## Given material

* * *

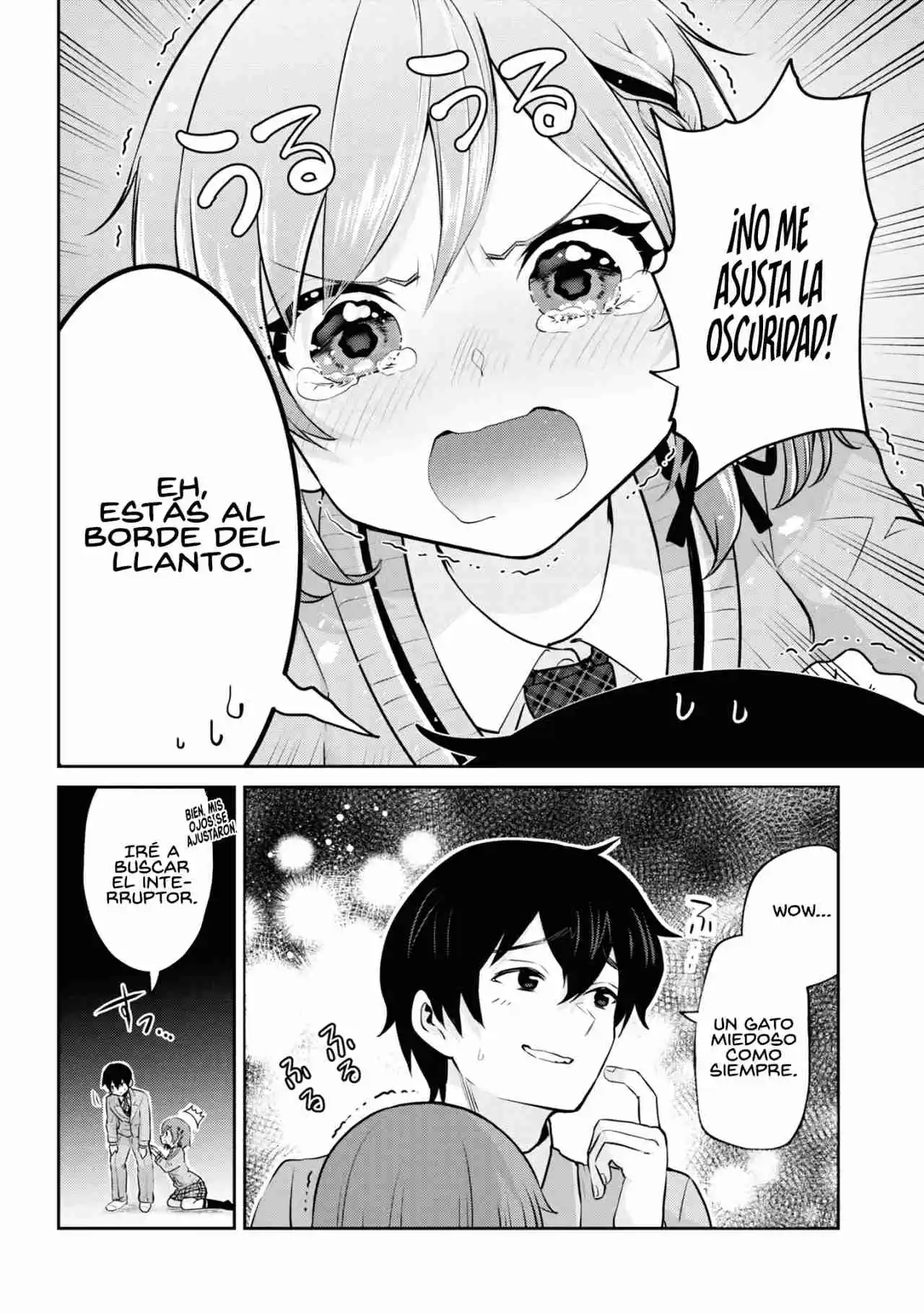 Kurasu No Daikirai Na Joshi To Kekkon Suru Koto Ni Natta - Capítulo 19 - Página 19 - LectorTMOo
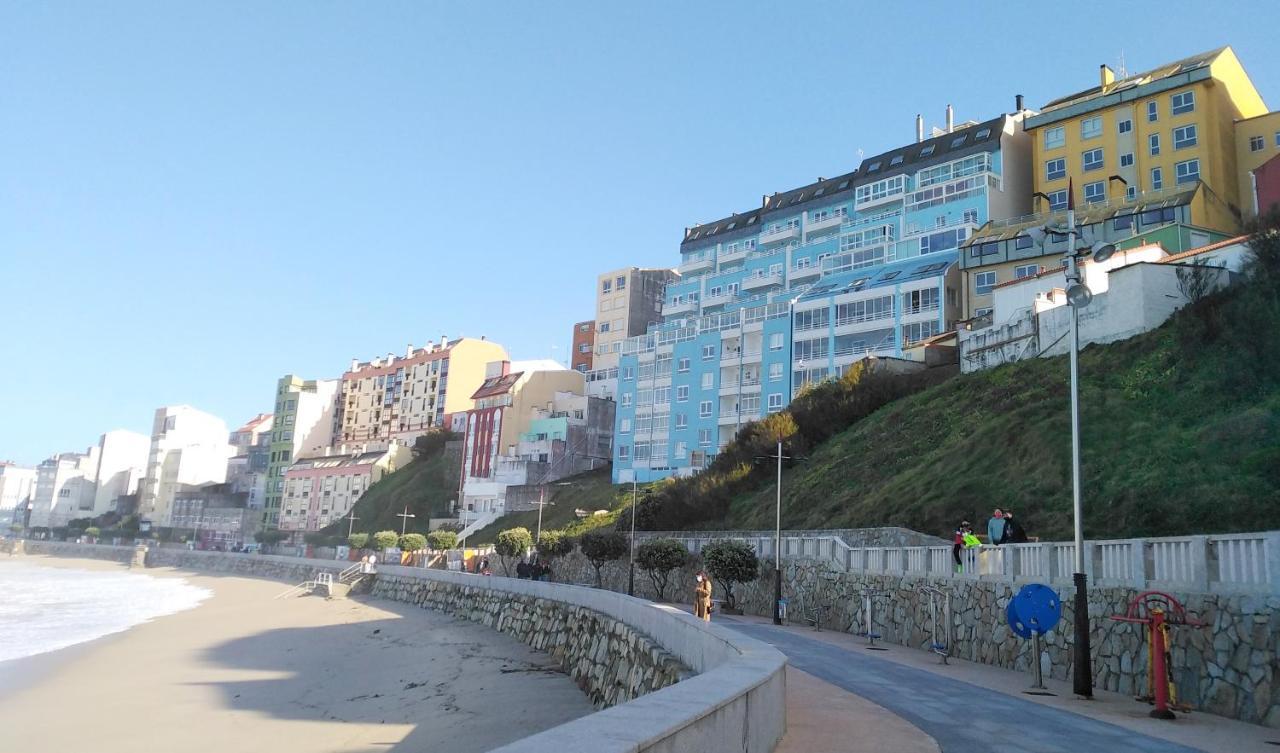 Vista Mar Apartamento Con Encanto Малпика Екстериор снимка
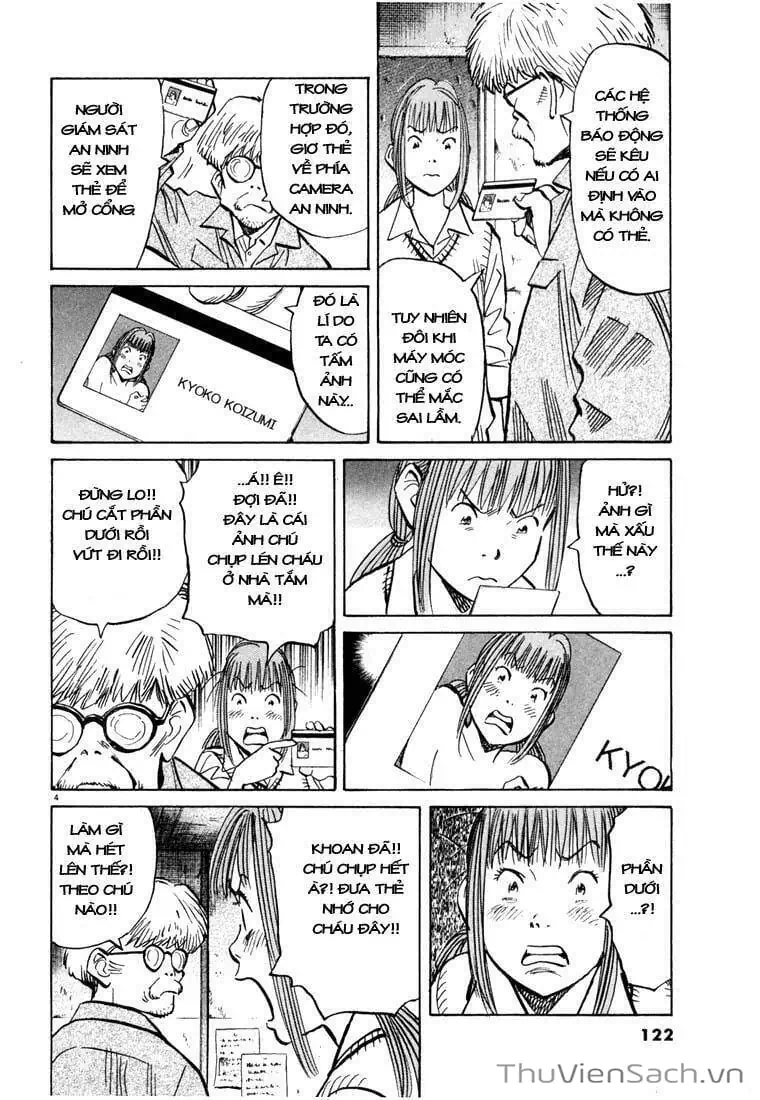 Truyện Tranh Những Chàng Trai Thế Kỉ 20 - 20Th Century Boys trang 2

* * *

## Directions for this task
Exactly the lines from the one containing "Vista Mar Apartamento" through the last line of the data above should be output, both ends included, with every picture left out.

## Solved problem
 Vista Mar Apartamento Con Encanto Малпика Екстериор снимка
 Truyện Tranh Những Chàng Trai Thế Kỉ 20 - 20Th Century Boys trang 2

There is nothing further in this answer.